For a $n \times k$ matrix **A** and $k \times k$ matrix **B**

-   $rank(A)\leq min(n,k)$
-   $rank(A) = rank(A') = rank(A'A)=rank(AA')$
-   $rank(AB)=min(rank(A),rank(B))$
-   **B** is invertible if and only if $rank(B) = k$ (non-singular)

### Inverse

In scalar, $a = 0$ then $1/a$ does not exist.

In matrix, a matrix is invertible when it's a non-zero matrix.

A non-singular square matrix $\mathbf{A}$ is invertible if there exists a non-singular square matrix $\mathbf{B}$ such that, $$AB=I$$ Then $A^{-1}=B$. For a $2\times2$ matrix,

$$
A =
\left(\begin{array}{cc}
a & b \\
c & d \\
\end{array}
\right)
$$

$$
A^{-1}=
\frac{1}{ad-bc}
\left(\begin{array}{cc}
d & -b \\
-c & a \\
\end{array}
\right)
$$

For the partition matrix,

$$
\left[\begin{array}
{cc}
A & B \\
C & D \\
\end{array}
\right]^{-1}
 =
\left[\begin{array}
{cc}
\mathbf{(A-BD^{-1}C)^{-1}} & \mathbf{-(A-BD^{-1}C)^{-1}BD^-1} \\
\mathbf{-DC(A-BD^{-1}C)^{-1}} & \mathbf{D^{-1}+D^{-1}C(A-BD^{-1}C)^{-1}BD^{-1}}
\end{array}
\right]
$$

Properties for a non-singular square matrix

-   $\mathbf{A^{-1}}=A$
-   for a non-zero scalar b, $\mathbf{(bA)^{-1}=b^{-1}A^{-1}}$
-   for a matrix B, $\mathbf(BA)^{-1}=B^{-1}A^{-1}$ only if $\mathbf{B}$ is non-singular
-   $\mathbf{(A^{-1})'=(A')^{-1}}$
-   Never notate $\mathbf{1/A}$

### Definiteness

A symmetric square k x k matrix, $\mathbf{A}$, is Positive Semi-Definite if for any non-zero $k \times 1$ vector $\mathbf{x}$, $$\mathbf{x'Ax \geq 0 }$$

A symmetric square k x k matrix, $\mathbf{A}$, is Negative Semi-Definite if for any non-zero $k \times 1$ vector $\mathbf{x}$ $$\mathbf{x'Ax \leq 0 }$$

$\mathbf{A}$ is indefinite if it is neither positive semi-definite or negative semi-definite.

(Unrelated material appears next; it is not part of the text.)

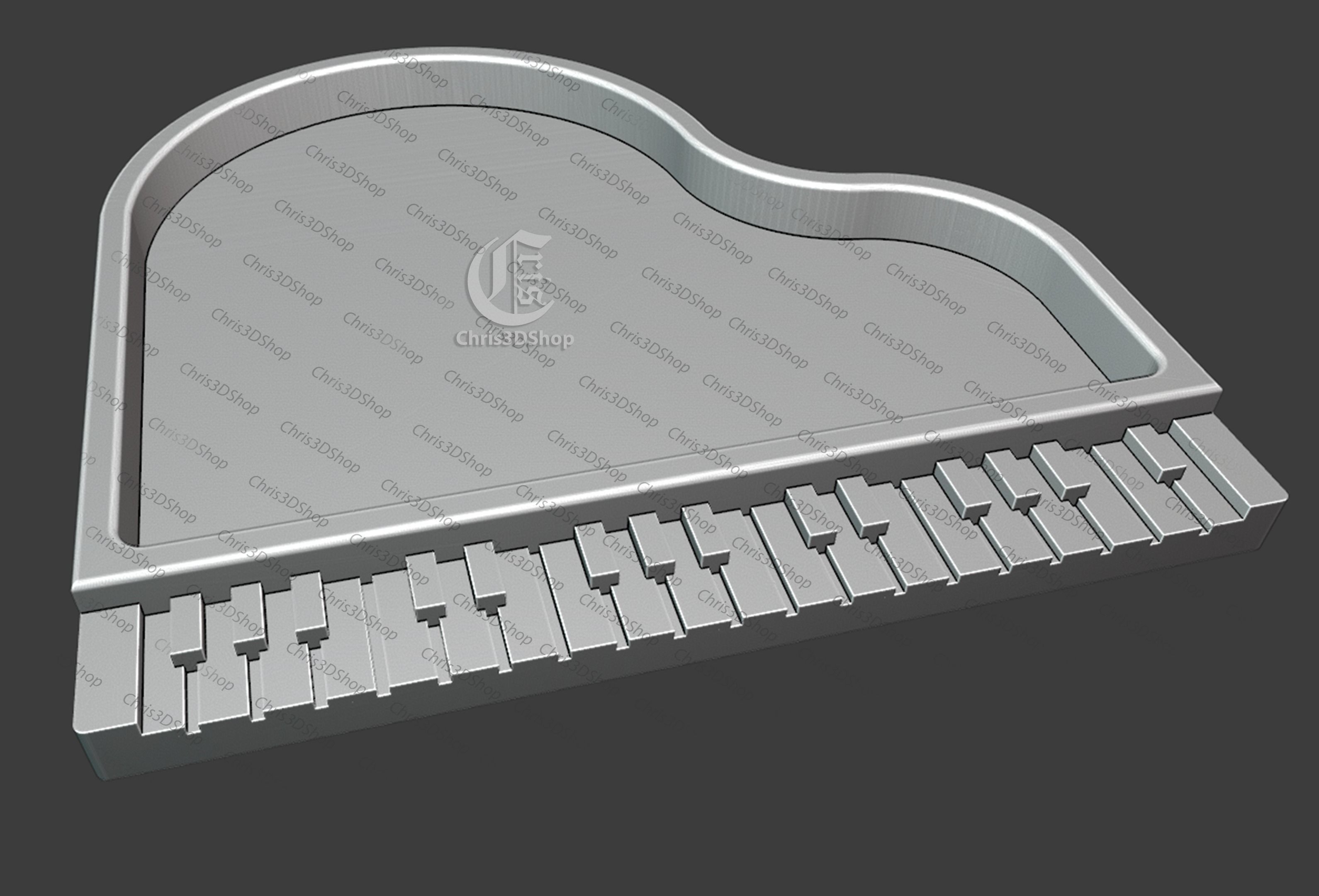 3D STL file and vector files for CNC and 3d Printers Piano Tray 3D model_3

The identity matrix is positive definite

**Example** Let $\mathbf{x} =(x_1 x_2)'$, then for a $2 \times 2$ identity matrix,

$$
\begin{aligned}
\mathbf{x'Ix} 
&= (x_1 x_2) 
\left(\begin{array}
{cc}
1 & 0 \\
0 & 1 \\
\end{array}
\right)
\left(\begin{array}{c}
x_1 \\
x_2 \\
\end{array}
\right) \\
&=
(x_1 x_2)
\left(\begin{array}
{c}
x_1 \\
x_2 \\
\end{array}
\right) \\
&=
x_1^2 + x_2^2 >0
\end{aligned}
$$

Definiteness gives us the ability to compare matrices $\mathbf{A-B}$ is PSD

This property also helps us show efficiency (which variance covariance matrix of one estimator is smaller than another)

Properties

-   any variance matrix is PSD
-   a matrix $\mathbf{A}$ is PSD if and only if there exists a matrix $\mathbf{B}$ such that $\mathbf{A=B'B}$
-   if $\mathbf{A}$ is PSD, then $\mathbf{B'AB}$ is PSD
-   if $\mathbf{A}$ and $\mathbf{C}$ are non-singular, then $\mathbf{A-C}$ is PSD if and only if $\mathbf{C^{-1}-A^{-1}}$
-   if $\mathbf{A}$ is PD (ND) then $A^{-1}$ is PD (ND)

**Note**

-   Indefinite $\mathbf{A}$ is neither PSD nor NSD. There is no comparable concept in scalar.
-   If a square matrix is PSD and invertible then it is PD

Example:

1.  Invertible / Indefinite

$$
\left[
\begin{array}
{cc}
-1 & 0 \\
0 & 10 
\end{array}
\right]
$$

2.  Non-invertible/ Indefinite

$$
\left[
\begin{array}
{cc}
0 & 1 \\
0 & 0
\end{array}
\right]
$$

3.  Invertible / PSD

$$
\left[
\begin{array}
{cc}
1 & 0 \\
0 & 1
\end{array}
\right]
$$

4.  Non-Invertible / PSD

$$
\left[
\begin{array}
{cc}
0 & 0 \\
0 & 1 
\end{array}
\right]
$$

### Matrix Calculus

$y=f(x_1,x_2,...,x_k)=f(x)$ where $x$ is a $1 \times k$ row vector.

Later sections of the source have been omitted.